This interview was given to Elia P.Pekica Pagon in Zagreb, chief editor for
EPOHA, a Croatian cultural magazine.
the great people of our time
the communication of the future
By Elia Patricia PEKICA PAGON
After reading the article in the newspapers about the extraordinary man who decided to publish a book about better global understanding between various nationalities, I immediately decided to contact him. His name is Jean-Paul Nerriere and he is French. According to Jean-Paul, the communication of the third millenium will be based on Globish, the worldwide dialect. He was very friendly and he agreed to make an interview with me for Epoha magazine which we are proudly presenting to our readers, who will sooner or later become the speakers of Globish dialect.
§ English is the world's most widely used language, or in other words English language is the international language and thus the most widely spread medium of communication with the interlocutors from all around the world. We can say that today without the knowledge of English a person is totally lost in every field of human activity. I wonder, what motivated you to create such an interesting project like 'Parlez Globish'?
In the late 1980s, I was a Vice President with IBM USA, more specifically in charge of International Marketing. My job gave me the opportunity to travel a lot around the world. I went very often to Tokyo and Seoul. I did my best to speak English there, and so did my local counterparts with me. This is where I observed that my communication with the Japanese and the Koreans was much easier and more efficient than what could be observed between them and the American or British employees who came with me to visit our operations in theses countries. Then, I observed it was the same in all non English speaking countries. I came to the conclusion that the language non Anglophones spoke together was not English, but something which sounded vaguely like it, but in which we were better off than genuine Anglophones. I refined the thinking, added more detailed observations, and made a theory out of it: this is Globish, the worldwide dialect of the third millennium. English is not really needed, Globish is enough to reach and enjoy fruitfully the “threshold of understanding” (which is what you need).
§ English language has, thanks to large multinational companies of American and British origin, become the most dominant language in the world and it has conquered all other languages. World politics and the postmodern trend of globalization supports this victory. The languages of smaller countries are imperilled. Some of them are disappearing, and some of them are already dead. Please tell me how the Anglicisms function in the life of French language, considering the mass media, economy, politics and everyday life?
The French language is loaded with words that came from English, and have been coming from English for centuries. But English is loaded with words which came from French when William the Conqueror became king of England in 1066. French is also loaded with words from other origins, from everywhere. This is the way languages evolve, live: they attract words, and keep them. I do not think it’s a serious danger for my language, nor for any other one; we have been doing this forever. The danger is that languages of lesser coverage could disappear from the spoken world, because people would find English easier and more convenient.
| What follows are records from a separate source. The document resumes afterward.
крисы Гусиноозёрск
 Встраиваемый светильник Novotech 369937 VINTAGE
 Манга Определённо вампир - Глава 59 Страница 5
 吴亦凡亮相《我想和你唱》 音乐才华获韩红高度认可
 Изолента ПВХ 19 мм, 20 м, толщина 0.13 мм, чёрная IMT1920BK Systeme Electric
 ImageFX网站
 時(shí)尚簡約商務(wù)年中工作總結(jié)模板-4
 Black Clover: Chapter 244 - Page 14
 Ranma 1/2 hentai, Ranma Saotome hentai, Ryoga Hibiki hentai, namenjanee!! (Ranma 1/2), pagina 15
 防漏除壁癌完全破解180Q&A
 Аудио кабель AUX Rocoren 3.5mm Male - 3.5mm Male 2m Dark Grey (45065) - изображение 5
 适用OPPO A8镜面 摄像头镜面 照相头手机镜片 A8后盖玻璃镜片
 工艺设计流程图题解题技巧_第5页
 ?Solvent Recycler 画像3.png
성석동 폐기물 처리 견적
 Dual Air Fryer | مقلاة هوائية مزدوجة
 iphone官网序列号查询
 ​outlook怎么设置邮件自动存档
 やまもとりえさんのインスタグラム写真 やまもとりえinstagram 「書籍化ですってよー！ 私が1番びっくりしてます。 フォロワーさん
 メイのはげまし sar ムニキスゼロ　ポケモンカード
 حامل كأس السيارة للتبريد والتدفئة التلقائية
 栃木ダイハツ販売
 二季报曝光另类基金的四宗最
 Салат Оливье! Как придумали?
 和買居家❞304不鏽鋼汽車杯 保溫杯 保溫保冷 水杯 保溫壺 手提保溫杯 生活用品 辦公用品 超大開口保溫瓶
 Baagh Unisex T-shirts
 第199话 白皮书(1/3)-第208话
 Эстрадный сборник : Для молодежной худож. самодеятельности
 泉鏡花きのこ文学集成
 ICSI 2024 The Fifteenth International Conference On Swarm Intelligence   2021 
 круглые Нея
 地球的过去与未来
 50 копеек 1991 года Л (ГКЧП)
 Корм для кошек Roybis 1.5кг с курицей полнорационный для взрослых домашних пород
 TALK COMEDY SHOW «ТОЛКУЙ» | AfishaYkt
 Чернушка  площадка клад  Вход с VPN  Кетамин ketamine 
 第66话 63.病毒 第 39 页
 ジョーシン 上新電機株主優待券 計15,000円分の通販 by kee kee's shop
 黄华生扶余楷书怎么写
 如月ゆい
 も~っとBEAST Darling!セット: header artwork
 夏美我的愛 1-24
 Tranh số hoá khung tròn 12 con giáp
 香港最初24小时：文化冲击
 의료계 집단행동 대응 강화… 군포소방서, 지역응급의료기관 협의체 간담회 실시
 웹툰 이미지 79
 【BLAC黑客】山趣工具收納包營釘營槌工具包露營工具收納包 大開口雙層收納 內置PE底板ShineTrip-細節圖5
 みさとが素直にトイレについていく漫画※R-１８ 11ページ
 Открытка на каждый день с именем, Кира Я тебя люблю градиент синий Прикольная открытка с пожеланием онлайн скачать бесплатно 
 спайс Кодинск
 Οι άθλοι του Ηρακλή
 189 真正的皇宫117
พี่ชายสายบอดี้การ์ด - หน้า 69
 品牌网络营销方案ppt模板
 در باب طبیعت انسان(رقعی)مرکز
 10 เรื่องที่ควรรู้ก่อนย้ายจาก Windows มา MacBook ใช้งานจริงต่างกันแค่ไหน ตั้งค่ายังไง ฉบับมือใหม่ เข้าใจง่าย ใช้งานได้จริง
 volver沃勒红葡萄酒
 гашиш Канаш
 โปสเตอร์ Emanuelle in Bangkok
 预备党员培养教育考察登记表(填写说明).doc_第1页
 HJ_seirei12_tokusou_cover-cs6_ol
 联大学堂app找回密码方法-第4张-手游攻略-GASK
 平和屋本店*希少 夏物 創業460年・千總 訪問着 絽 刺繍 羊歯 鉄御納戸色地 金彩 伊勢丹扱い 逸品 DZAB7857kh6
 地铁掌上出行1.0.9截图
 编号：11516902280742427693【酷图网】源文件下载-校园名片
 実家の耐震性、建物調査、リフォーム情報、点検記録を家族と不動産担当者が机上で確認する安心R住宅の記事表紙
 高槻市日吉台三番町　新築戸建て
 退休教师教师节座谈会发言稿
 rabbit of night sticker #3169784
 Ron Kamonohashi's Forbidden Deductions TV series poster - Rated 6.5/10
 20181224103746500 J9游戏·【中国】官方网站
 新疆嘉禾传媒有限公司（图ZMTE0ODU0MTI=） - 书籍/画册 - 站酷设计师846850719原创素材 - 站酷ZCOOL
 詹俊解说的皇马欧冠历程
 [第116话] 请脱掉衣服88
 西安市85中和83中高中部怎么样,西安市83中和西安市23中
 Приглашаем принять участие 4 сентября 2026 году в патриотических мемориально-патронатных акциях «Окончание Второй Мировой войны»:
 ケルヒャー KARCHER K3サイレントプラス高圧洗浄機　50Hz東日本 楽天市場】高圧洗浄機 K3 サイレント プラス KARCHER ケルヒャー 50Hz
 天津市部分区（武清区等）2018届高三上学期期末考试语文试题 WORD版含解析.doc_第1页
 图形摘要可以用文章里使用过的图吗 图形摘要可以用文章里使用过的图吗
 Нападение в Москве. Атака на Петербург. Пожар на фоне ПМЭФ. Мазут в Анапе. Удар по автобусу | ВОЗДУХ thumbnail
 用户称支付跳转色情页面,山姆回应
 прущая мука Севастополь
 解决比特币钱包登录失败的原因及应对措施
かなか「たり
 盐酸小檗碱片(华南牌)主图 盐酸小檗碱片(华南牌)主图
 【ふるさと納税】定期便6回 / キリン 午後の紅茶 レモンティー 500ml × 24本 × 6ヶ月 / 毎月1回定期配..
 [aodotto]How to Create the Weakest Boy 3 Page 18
This will not happen with Globish; let me demonstrate.
If I said “I know the way to make French the privileged worldwide communication vehicle today, again”, everybody, especially in France, would say “great, please tell us, at long last we will win over our leading contender, English”; I would then say “it’s easy, cut the French vocabulary down to 1.500 words, be happy with just an understandable accent, do not expect to discuss metaphysics, use simple sentences, and the elementary, although correct, grammar”. Then everybody would yell “he wants to murder our language! This is unacceptable”.
People should also accept that, when I recommend to do that to the leading contender, English, I am not helping it. As a consequence, I am helping the rescue of French, of Croatian, and of all the languages that are threatened by English today, but will not be endangered at all by Globish. You understand why it’s in your best interest to support Globish, if you like your culture and its language.
§ You said that Globish will contribute to the preservation and purification of the French language and all other languages, being threatened and invaded by English. Will your revolutionary project ‘Parlez Globish’ be able to help us prevent local cultures and languages from being conquered by the dominating English language?
I just treated this point: yes, it will limit the influence of the English language dramatically. However, it can do nothing against the invasion of the Anglo-Saxon culture, and especially the American culture through the mass media: American television programs are invading us, and spreading a vision of the world that is alien to our cultures, but it comes unnoticed, especially in countries like mine where they are translated into French, and sound perfectly French to the audience.
§ Would you define Globish as a new artificial language, or as a simplifying tool for easier communication between various nations?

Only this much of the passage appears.